▶ **Required action**: Only one stretch of the material below is wanted: everything from the line containing "Couverture en polyester" down to the line containing "4 Jaw Chuck", both ends included. Repeat it exactly and skip the pictures.

▶ **Material to process**:
------------------------------------

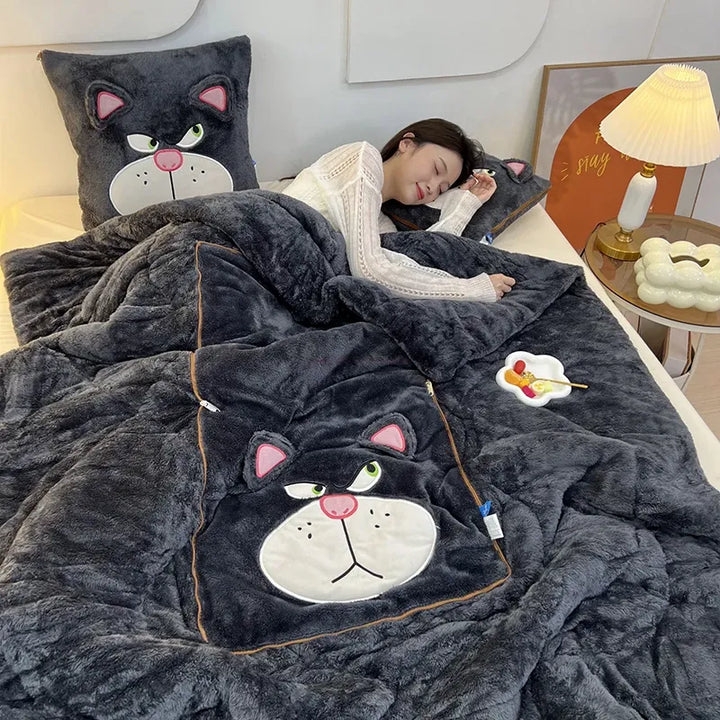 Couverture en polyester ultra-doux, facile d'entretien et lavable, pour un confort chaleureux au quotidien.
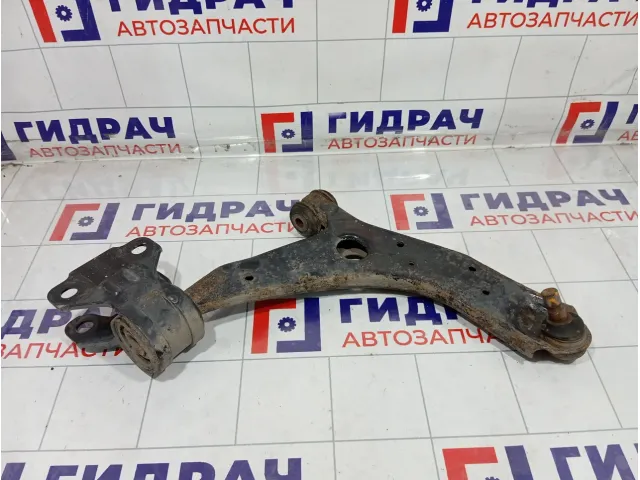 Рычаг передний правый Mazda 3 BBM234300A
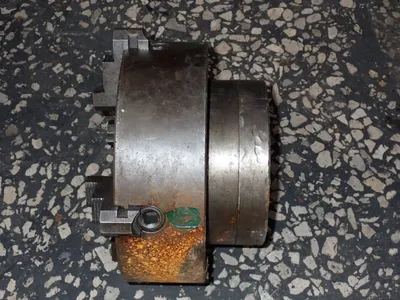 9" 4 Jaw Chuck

------------------------------------

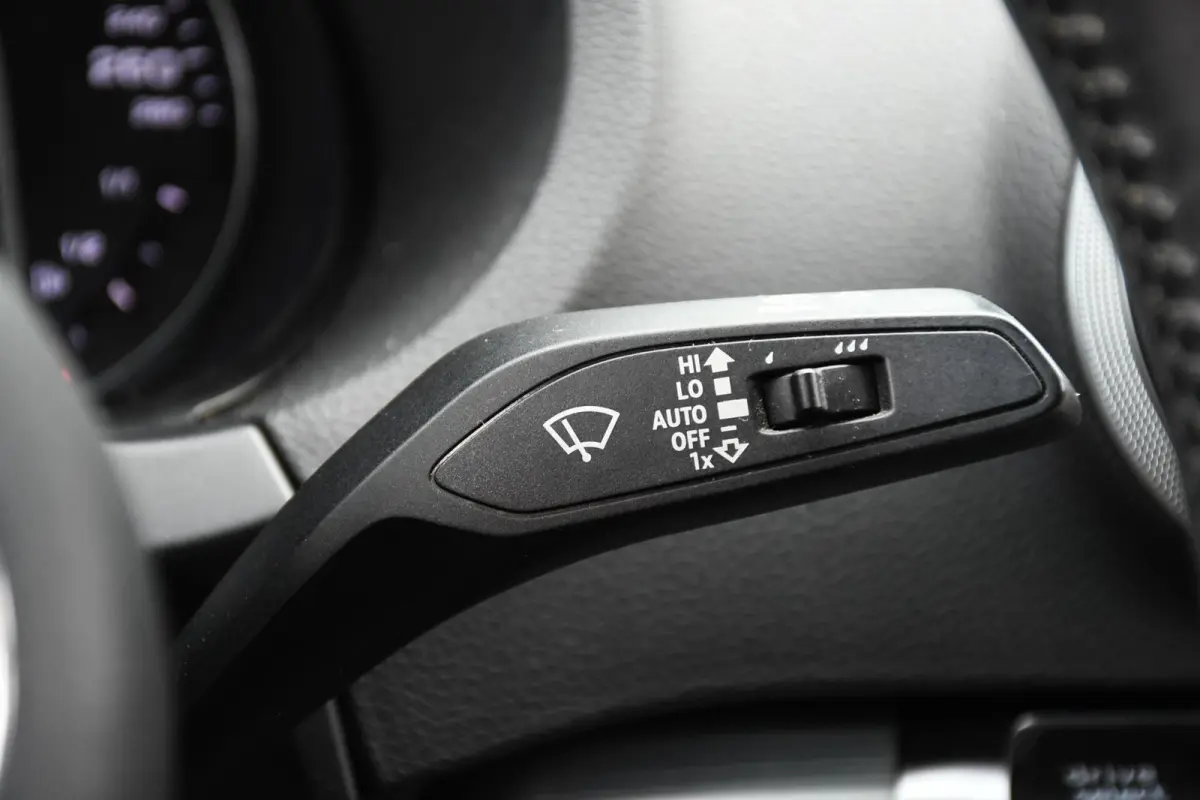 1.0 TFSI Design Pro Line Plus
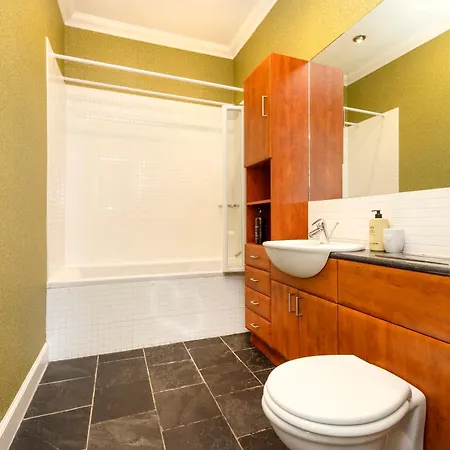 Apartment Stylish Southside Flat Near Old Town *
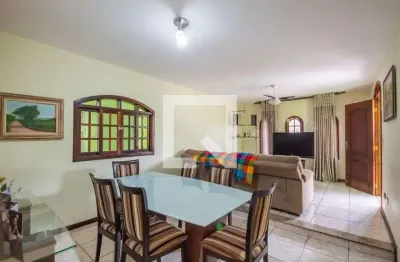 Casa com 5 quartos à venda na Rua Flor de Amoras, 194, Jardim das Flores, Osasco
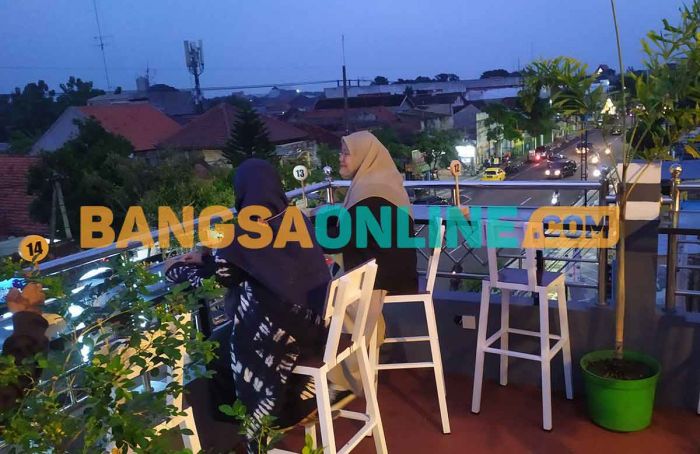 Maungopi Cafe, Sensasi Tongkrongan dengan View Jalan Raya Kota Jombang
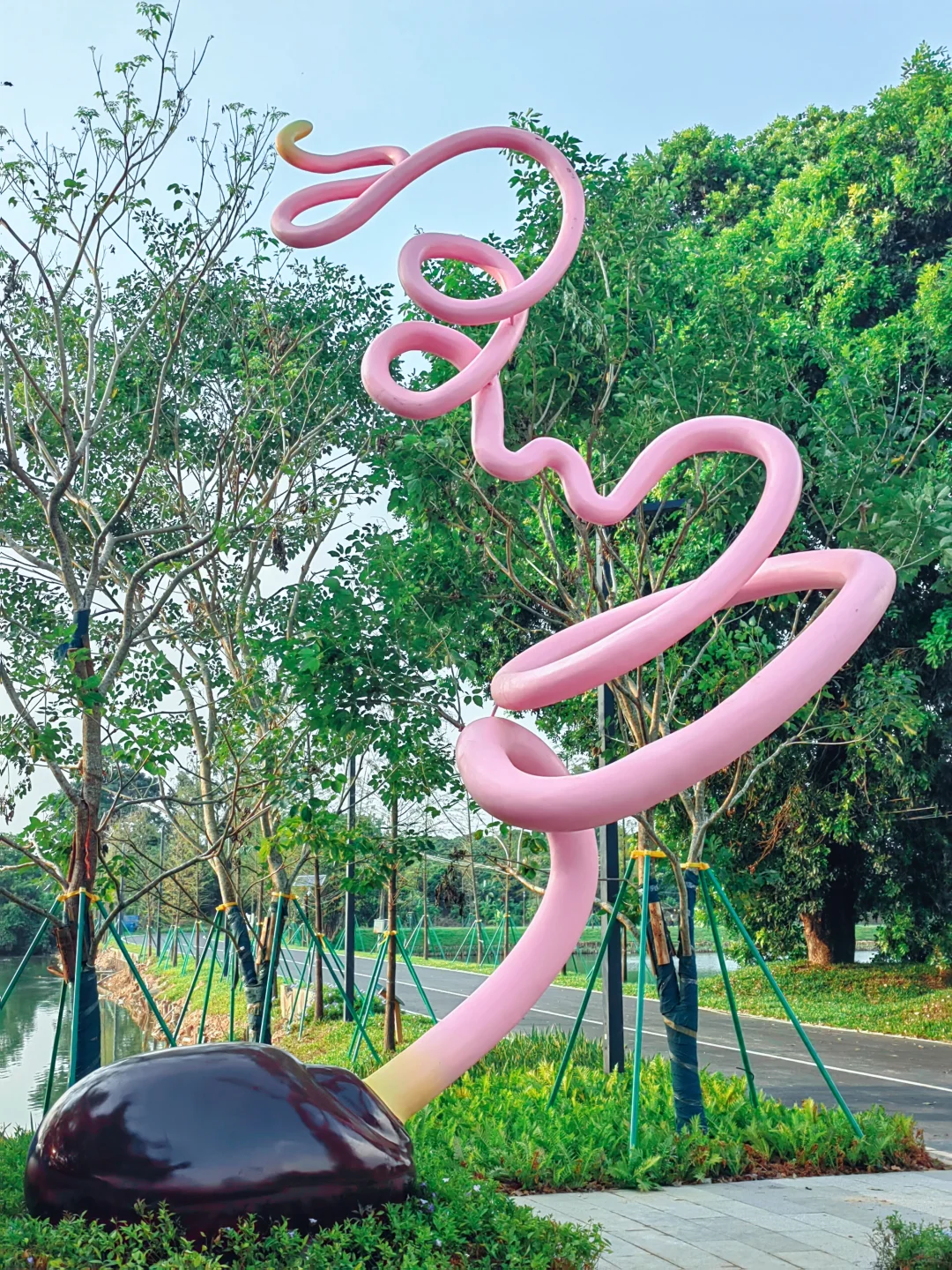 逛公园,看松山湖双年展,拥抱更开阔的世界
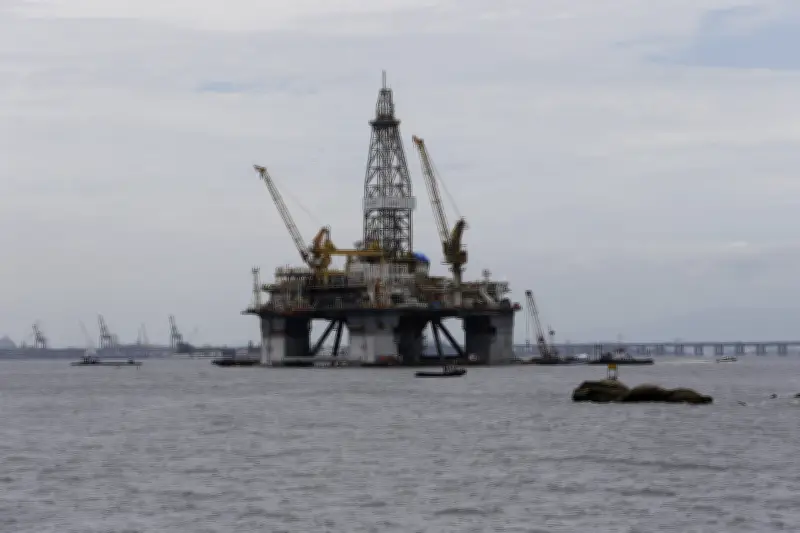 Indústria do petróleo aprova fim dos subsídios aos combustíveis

------------------------------------

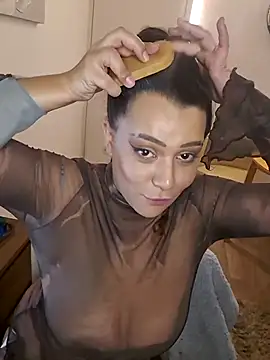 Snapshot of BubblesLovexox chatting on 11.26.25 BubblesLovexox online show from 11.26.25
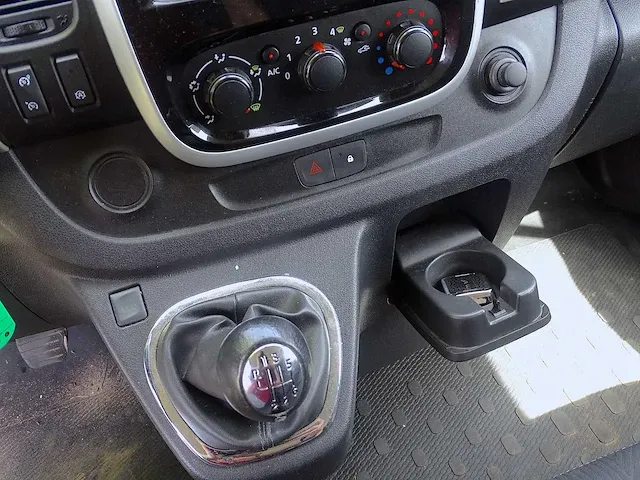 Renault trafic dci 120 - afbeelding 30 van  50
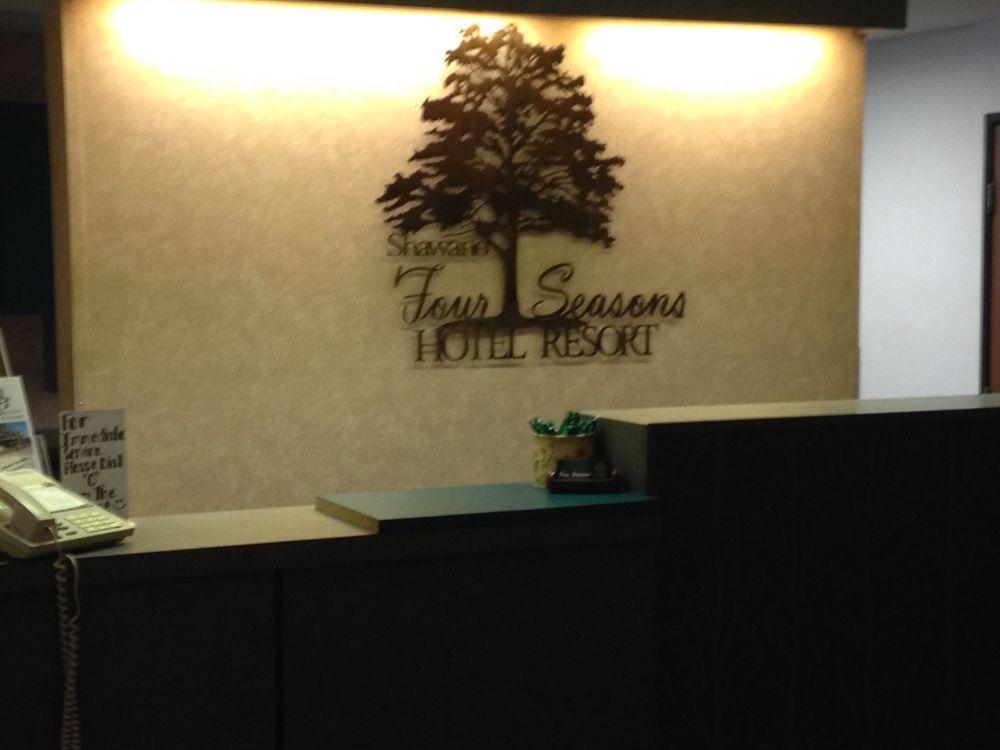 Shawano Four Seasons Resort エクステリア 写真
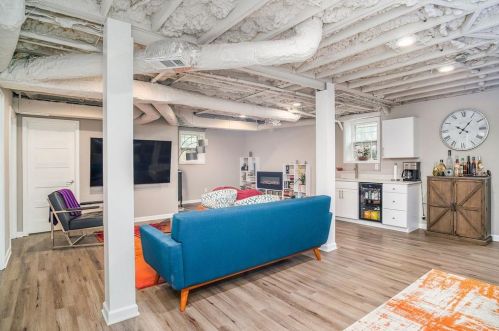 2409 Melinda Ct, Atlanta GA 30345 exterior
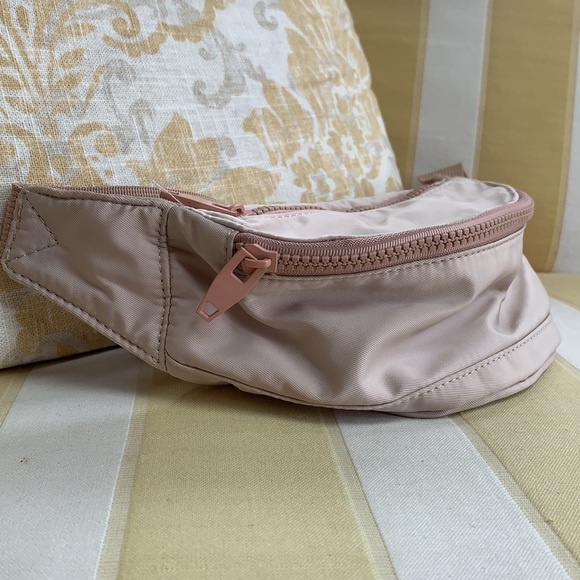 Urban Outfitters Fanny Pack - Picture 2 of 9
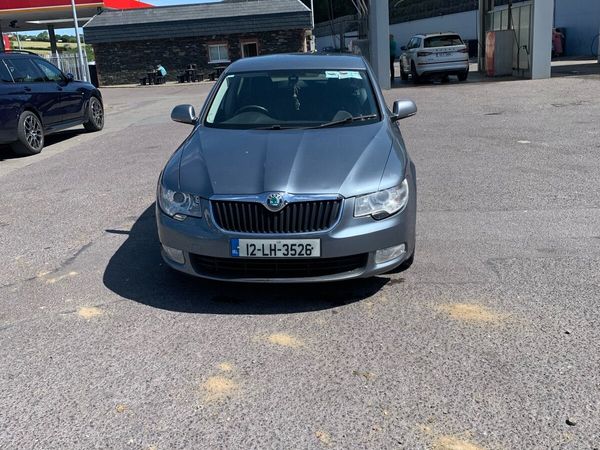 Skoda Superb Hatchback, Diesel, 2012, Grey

------------------------------------

▶ **Task result**:
 Couverture en polyester ultra-doux, facile d'entretien et lavable, pour un confort chaleureux au quotidien.
 Рычаг передний правый Mazda 3 BBM234300A
 9" 4 Jaw Chuck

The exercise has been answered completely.